» Exercise brief
Nothing should be left out: output all of the entries exactly.

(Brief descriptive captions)
<<<<

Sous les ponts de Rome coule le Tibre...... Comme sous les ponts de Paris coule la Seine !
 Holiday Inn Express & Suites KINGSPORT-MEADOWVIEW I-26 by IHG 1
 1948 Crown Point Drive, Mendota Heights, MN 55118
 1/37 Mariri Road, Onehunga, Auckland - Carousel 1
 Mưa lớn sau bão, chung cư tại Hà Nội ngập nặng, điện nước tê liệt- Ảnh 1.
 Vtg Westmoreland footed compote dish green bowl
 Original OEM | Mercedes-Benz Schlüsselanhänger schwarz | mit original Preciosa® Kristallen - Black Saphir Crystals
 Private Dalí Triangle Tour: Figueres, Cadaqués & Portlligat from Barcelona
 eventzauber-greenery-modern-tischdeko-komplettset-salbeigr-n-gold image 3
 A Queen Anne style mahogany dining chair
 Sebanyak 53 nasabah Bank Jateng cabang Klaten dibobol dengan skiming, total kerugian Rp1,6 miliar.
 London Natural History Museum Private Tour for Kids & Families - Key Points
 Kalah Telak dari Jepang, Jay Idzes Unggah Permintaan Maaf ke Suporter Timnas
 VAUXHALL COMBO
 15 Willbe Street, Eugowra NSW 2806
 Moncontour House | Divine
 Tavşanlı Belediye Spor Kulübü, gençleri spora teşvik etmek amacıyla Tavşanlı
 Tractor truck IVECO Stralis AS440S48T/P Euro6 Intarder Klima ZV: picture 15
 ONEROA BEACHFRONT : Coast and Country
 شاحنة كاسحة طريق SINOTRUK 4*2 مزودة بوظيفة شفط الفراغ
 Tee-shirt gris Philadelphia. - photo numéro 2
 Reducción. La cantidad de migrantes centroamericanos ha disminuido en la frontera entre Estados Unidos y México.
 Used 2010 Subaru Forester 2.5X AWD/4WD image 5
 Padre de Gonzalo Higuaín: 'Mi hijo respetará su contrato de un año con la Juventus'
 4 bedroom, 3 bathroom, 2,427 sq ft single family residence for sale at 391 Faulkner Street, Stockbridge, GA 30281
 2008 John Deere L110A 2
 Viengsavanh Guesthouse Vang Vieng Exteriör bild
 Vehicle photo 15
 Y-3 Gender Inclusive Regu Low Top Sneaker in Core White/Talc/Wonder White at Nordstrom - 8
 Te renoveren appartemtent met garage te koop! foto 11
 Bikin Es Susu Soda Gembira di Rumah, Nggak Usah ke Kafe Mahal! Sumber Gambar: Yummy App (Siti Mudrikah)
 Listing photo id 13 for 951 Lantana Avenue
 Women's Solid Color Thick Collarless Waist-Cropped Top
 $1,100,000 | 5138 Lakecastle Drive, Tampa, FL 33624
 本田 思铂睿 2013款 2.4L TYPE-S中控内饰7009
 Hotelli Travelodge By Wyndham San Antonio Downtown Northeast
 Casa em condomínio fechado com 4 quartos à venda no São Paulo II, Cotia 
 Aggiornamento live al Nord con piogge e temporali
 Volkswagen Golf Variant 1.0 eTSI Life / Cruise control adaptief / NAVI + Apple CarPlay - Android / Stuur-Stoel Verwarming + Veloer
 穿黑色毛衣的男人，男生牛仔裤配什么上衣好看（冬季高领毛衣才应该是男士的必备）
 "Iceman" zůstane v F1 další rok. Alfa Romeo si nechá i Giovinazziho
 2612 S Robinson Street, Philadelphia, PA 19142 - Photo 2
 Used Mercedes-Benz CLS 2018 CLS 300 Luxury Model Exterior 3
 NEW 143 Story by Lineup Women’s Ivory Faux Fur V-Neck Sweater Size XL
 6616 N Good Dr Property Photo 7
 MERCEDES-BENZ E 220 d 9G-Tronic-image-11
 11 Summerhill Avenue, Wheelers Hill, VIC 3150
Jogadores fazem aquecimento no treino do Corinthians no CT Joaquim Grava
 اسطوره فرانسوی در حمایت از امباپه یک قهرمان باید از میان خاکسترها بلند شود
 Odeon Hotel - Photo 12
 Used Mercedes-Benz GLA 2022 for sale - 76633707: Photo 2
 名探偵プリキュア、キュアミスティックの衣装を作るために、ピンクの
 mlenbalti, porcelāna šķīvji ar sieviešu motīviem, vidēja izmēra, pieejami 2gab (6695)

>>>>

» Answer to this problem
Sous les ponts de Rome coule le Tibre...... Comme sous les ponts de Paris coule la Seine !
 Holiday Inn Express & Suites KINGSPORT-MEADOWVIEW I-26 by IHG 1
 1948 Crown Point Drive, Mendota Heights, MN 55118
 1/37 Mariri Road, Onehunga, Auckland - Carousel 1
 Mưa lớn sau bão, chung cư tại Hà Nội ngập nặng, điện nước tê liệt- Ảnh 1.
 Vtg Westmoreland footed compote dish green bowl
 Original OEM | Mercedes-Benz Schlüsselanhänger schwarz | mit original Preciosa® Kristallen - Black Saphir Crystals
 Private Dalí Triangle Tour: Figueres, Cadaqués & Portlligat from Barcelona
 eventzauber-greenery-modern-tischdeko-komplettset-salbeigr-n-gold image 3
 A Queen Anne style mahogany dining chair
 Sebanyak 53 nasabah Bank Jateng cabang Klaten dibobol dengan skiming, total kerugian Rp1,6 miliar.
 London Natural History Museum Private Tour for Kids & Families - Key Points
 Kalah Telak dari Jepang, Jay Idzes Unggah Permintaan Maaf ke Suporter Timnas
 VAUXHALL COMBO
 15 Willbe Street, Eugowra NSW 2806
 Moncontour House | Divine
 Tavşanlı Belediye Spor Kulübü, gençleri spora teşvik etmek amacıyla Tavşanlı
 Tractor truck IVECO Stralis AS440S48T/P Euro6 Intarder Klima ZV: picture 15
 ONEROA BEACHFRONT : Coast and Country
 شاحنة كاسحة طريق SINOTRUK 4*2 مزودة بوظيفة شفط الفراغ
 Tee-shirt gris Philadelphia. - photo numéro 2
 Reducción. La cantidad de migrantes centroamericanos ha disminuido en la frontera entre Estados Unidos y México.
 Used 2010 Subaru Forester 2.5X AWD/4WD image 5
 Padre de Gonzalo Higuaín: 'Mi hijo respetará su contrato de un año con la Juventus'
 4 bedroom, 3 bathroom, 2,427 sq ft single family residence for sale at 391 Faulkner Street, Stockbridge, GA 30281
 2008 John Deere L110A 2
 Viengsavanh Guesthouse Vang Vieng Exteriör bild
 Vehicle photo 15
 Y-3 Gender Inclusive Regu Low Top Sneaker in Core White/Talc/Wonder White at Nordstrom - 8
 Te renoveren appartemtent met garage te koop! foto 11
 Bikin Es Susu Soda Gembira di Rumah, Nggak Usah ke Kafe Mahal! Sumber Gambar: Yummy App (Siti Mudrikah)
 Listing photo id 13 for 951 Lantana Avenue
 Women's Solid Color Thick Collarless Waist-Cropped Top
 $1,100,000 | 5138 Lakecastle Drive, Tampa, FL 33624
 本田 思铂睿 2013款 2.4L TYPE-S中控内饰7009
 Hotelli Travelodge By Wyndham San Antonio Downtown Northeast
 Casa em condomínio fechado com 4 quartos à venda no São Paulo II, Cotia 
 Aggiornamento live al Nord con piogge e temporali
 Volkswagen Golf Variant 1.0 eTSI Life / Cruise control adaptief / NAVI + Apple CarPlay - Android / Stuur-Stoel Verwarming + Veloer
 穿黑色毛衣的男人，男生牛仔裤配什么上衣好看（冬季高领毛衣才应该是男士的必备）
 "Iceman" zůstane v F1 další rok. Alfa Romeo si nechá i Giovinazziho
 2612 S Robinson Street, Philadelphia, PA 19142 - Photo 2
 Used Mercedes-Benz CLS 2018 CLS 300 Luxury Model Exterior 3
 NEW 143 Story by Lineup Women’s Ivory Faux Fur V-Neck Sweater Size XL
 6616 N Good Dr Property Photo 7
 MERCEDES-BENZ E 220 d 9G-Tronic-image-11
 11 Summerhill Avenue, Wheelers Hill, VIC 3150
Jogadores fazem aquecimento no treino do Corinthians no CT Joaquim Grava
 اسطوره فرانسوی در حمایت از امباپه یک قهرمان باید از میان خاکسترها بلند شود
 Odeon Hotel - Photo 12
 Used Mercedes-Benz GLA 2022 for sale - 76633707: Photo 2
 名探偵プリキュア、キュアミスティックの衣装を作るために、ピンクの
 mlenbalti, porcelāna šķīvji ar sieviešu motīviem, vidēja izmēra, pieejami 2gab (6695)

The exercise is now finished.